Les hommes âgés trouvent évidement difficile de s'adapter à l'effondrement des suppositions qui ont gouverné leur vie entière. Il est possible que l'illusion perdue la plus bouleversante soit le fait que les bombardements se soient déroulés au coeur de la propriété familiale des al-Saud dans la région de Najdi, ce qui indique que l'ennemi réside plus près du trône qu'ils ne le soupçonnaient. Cette reconnaissance se révèle tout particulièrement troublante car les al-Saud se sont aliénés chaque groupe, à l'exception du leur. S'il leur est désormais impossible de faire confiance à certains Najdiens, vers quels alliés les al-Saud pourront-ils se tourner ?

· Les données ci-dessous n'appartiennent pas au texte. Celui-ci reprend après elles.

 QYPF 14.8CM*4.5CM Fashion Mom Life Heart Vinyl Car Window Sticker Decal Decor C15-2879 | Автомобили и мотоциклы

La population de l'Arabie Saoudite est divisée en groupes régionaux, tribaux et sectaires distincts. A l'est, dans la province riche en pétrole, dominent les Shia. Politiquement enhardis depuis la chute du régime de Saddam et la réapparition de leurs alliés en Irak, les Shia se sont empressés d'adresser une pétition au prince héritier Abdullah afin qu'il mette fin à leur exclusion de la politique saoudienne et à leur démonisation en tant qu'hérétiques par l'établissement religieux wahhabite. Ils déclarent aux dirigeants qu'ils ne devront plus se contenter d'assimiler les Saoudiens aux Najdiens wahhabites.